Pero, ¿volver a la realidad? Manuel Sacristán escribía que “una cosa es la realidad y otra la mierda, que es solo una parte de la realidad compuesta, precisamente, por los que aceptan la realidad moralmente, no solo intelectualmente”. Hoy observamos mucho “realista” abogado de aquellos intereses que nos devuelven al sitio “natural” que nos ha tocado en suerte. En este sentido, que la “posmodernidad” se haya convertido en un cómodo fetiche ideológico para intervenir en los debates culturales responde a una voluntad conservadora que, además, no es tanto realista como nostálgica, un “realismo reactivo” porque solo se afirma negativamente contra todo sueño desclasado. Esta inflación crítica apunta así a una lucha contra “lo progre”, donde la Alt-Right y un obrerismo nostálgico se solapan bajo la misma naftalina en un desplazamiento de ciclo donde el malestar social puede pendularmente girar ahora, en España, hacia la derecha.

Entendámonos: no se trata de justificar una categoría, la posmodernidad, que apuntaba a la comprensión de una nueva realidad histórica, hoy malentendida intencionadamente como una estrategia ideológica. Lo que hoy se esgrime en la jerga antiposmoderna es un Materialismo de salón cuya mayestática mayúscula busca por elevación desatender todo interés por las prácticas concretas y debilitar toda ambición pedagógica de interpelar más allá del reparto dado de las cartas.

Puede compartirse que muchas posiciones desprendidas de los estudios culturales influyeron en la articulación hegemónica de lo que Nancy Fraser denominó “neoliberalismo progresista”, posición en seria crisis pese al reciente balón de oxígeno Biden-Harris. El problema, en 2021, teniendo en cuenta el contexto intensificador de la pandemia, es que una crítica legítima al “neoliberalismo progresista” está sirviendo de coartada para enarbolar la bandera conservadora de un repliegue melancólico y patriarcal dependiente ideológicamente de una lectura simplista de los sueños liberadores de los sesenta.

Cabría suponer que la popularización de esta racionalidad cínica supone un cierto progreso: al menos los velos que racionalizaban y justificaban las contradicciones del sistema también quedan desgarrados. Nada más lejos: este neorrealismo depresivo no educa para ningún futuro. Hasta hace poco escuchábamos autocríticas de izquierda buscando reflejarse en el espejo de los supuestos éxitos de la derecha reaccionaria. Curiosamente, el reciente putsch del Capitolio trumpista ha generado también una identificación con sus fracasos, como si el bárbaro interno forjado durante décadas por la desestructuración económica y social norteamericana mereciera no solo comprensión analítica sino identificación política.

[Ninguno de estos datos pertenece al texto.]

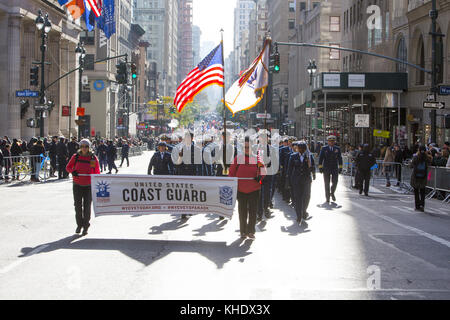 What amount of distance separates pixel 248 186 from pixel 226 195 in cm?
55

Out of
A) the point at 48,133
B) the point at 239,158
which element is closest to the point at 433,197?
the point at 239,158

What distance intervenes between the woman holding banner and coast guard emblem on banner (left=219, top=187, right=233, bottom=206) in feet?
0.69

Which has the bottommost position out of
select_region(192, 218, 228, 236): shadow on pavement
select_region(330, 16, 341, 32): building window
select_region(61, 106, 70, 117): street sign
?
select_region(192, 218, 228, 236): shadow on pavement

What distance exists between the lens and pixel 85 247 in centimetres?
1141

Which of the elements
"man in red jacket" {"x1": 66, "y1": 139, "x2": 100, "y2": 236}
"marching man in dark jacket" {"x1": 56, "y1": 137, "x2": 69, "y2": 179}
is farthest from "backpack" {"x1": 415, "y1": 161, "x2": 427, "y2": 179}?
"marching man in dark jacket" {"x1": 56, "y1": 137, "x2": 69, "y2": 179}

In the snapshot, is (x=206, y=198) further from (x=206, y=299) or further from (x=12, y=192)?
(x=12, y=192)

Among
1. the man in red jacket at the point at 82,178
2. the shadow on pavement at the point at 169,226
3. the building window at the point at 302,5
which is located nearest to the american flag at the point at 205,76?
the shadow on pavement at the point at 169,226

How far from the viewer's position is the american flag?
1528 centimetres

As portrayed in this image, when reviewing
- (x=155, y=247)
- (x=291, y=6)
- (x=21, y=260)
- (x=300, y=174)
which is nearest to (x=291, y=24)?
(x=291, y=6)

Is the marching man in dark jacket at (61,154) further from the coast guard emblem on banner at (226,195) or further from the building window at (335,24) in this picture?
the building window at (335,24)

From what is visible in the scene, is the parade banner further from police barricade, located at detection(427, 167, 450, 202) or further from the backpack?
police barricade, located at detection(427, 167, 450, 202)

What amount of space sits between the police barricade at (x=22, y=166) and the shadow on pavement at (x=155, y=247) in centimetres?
1638

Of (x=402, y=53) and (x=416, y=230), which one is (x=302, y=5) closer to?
(x=402, y=53)

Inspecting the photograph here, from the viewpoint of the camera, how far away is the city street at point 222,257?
818 cm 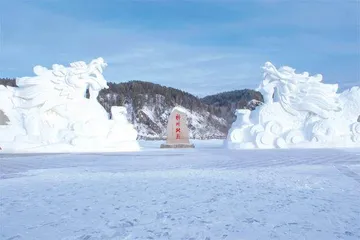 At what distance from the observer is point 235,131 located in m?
19.1

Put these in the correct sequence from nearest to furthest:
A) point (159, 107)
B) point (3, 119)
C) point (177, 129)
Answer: point (3, 119)
point (177, 129)
point (159, 107)

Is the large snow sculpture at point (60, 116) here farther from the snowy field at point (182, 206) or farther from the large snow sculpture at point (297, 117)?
the snowy field at point (182, 206)

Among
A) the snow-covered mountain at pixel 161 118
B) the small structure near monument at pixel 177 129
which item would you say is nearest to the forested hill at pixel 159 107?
the snow-covered mountain at pixel 161 118

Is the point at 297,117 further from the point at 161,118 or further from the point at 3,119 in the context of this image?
the point at 161,118

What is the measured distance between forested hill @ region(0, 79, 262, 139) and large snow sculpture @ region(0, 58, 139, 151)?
36.0 metres

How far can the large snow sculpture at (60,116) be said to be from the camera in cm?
1688

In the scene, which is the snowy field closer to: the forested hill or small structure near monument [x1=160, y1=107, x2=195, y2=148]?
small structure near monument [x1=160, y1=107, x2=195, y2=148]

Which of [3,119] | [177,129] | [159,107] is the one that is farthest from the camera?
[159,107]

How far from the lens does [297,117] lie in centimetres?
1919

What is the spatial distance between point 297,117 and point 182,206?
15003 mm

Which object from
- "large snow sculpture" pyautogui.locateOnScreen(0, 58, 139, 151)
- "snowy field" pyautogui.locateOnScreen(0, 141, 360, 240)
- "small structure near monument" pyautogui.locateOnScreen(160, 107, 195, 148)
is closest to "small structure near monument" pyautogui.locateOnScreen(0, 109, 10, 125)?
"large snow sculpture" pyautogui.locateOnScreen(0, 58, 139, 151)

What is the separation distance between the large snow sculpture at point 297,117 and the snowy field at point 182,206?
10428 millimetres

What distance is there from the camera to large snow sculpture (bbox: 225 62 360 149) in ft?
60.7

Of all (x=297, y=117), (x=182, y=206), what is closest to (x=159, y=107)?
(x=297, y=117) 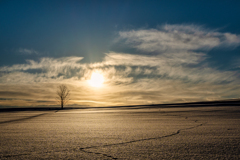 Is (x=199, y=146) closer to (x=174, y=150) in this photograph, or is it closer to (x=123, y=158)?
(x=174, y=150)

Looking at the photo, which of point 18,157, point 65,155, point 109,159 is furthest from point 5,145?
point 109,159

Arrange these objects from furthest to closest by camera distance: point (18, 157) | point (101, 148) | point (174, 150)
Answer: point (101, 148) < point (174, 150) < point (18, 157)

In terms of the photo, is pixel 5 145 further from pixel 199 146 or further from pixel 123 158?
pixel 199 146

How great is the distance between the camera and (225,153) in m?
3.05

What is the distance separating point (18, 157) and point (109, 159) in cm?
147

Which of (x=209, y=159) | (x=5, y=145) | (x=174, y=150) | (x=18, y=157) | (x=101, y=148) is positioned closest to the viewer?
(x=209, y=159)

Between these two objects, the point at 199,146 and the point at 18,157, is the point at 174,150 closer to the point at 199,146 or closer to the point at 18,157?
the point at 199,146

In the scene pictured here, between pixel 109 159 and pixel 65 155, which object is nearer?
pixel 109 159

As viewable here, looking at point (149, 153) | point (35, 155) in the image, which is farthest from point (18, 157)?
point (149, 153)

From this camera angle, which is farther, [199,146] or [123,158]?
[199,146]

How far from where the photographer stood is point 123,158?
2838 mm

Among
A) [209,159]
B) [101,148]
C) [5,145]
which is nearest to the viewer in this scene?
[209,159]

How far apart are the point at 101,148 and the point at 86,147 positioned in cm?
31

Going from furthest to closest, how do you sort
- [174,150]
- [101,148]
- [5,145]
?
[5,145] → [101,148] → [174,150] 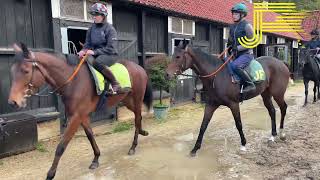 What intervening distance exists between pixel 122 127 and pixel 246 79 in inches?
141

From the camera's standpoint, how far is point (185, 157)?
564 centimetres

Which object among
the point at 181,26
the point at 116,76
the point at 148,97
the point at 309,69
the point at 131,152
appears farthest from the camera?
the point at 181,26

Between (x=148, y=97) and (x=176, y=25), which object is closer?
(x=148, y=97)

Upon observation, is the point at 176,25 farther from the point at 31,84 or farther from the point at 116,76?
the point at 31,84

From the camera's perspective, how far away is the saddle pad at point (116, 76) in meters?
4.84

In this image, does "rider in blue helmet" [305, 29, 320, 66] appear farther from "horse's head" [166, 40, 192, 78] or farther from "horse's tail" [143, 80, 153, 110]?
"horse's head" [166, 40, 192, 78]

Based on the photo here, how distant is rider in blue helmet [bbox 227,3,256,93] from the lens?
5652 mm

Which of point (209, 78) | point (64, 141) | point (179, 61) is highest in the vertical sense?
point (179, 61)

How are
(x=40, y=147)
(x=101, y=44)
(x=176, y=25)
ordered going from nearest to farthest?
1. (x=101, y=44)
2. (x=40, y=147)
3. (x=176, y=25)

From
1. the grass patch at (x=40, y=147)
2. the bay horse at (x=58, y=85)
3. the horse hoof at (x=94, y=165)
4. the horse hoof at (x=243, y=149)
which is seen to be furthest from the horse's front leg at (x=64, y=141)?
the horse hoof at (x=243, y=149)

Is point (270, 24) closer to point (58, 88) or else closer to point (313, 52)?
point (313, 52)

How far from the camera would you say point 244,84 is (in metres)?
5.85

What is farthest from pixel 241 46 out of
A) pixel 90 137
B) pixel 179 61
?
pixel 90 137

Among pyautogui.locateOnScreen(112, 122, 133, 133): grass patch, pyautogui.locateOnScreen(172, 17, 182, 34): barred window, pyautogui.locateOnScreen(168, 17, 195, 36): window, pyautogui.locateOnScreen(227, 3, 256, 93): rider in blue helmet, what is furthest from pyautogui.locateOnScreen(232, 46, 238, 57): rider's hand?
pyautogui.locateOnScreen(172, 17, 182, 34): barred window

Quien identifica el pueblo con su cinismo acepta ya la trampa desde arriba de no entender lo popular más que cínicamente. El “pueblo de Trump” no es sino el pueblo históricamente construido por una incesante interpelación neoliberal, un mundo del “sálvese quien pueda” sin confianza democrática ni institucional. Donde “todo el mundo miente”, el “realista” solo puede ser quien no se avergüenza de mentir por el poder. Pero puesto que lo que los realistas gallináceos llaman “realidad” no es sino el sedimento histórico de las victorias culturales del cinismo durante décadas, un mundo forjado por el programa estratégico de despertar de todo tipo de complicidades entre las clases populares y la promesa de un futuro mejor, nada es más importante que no regalarles un concepto, que en sus manos asume una dimensión abstracta, moralista y reaccionaria.

Germán Cano es profesor de Filosofía Contemporánea de la Universidad de Alcalá de Henares. Acaba de publicar Transición Nietzsche (PreTextos).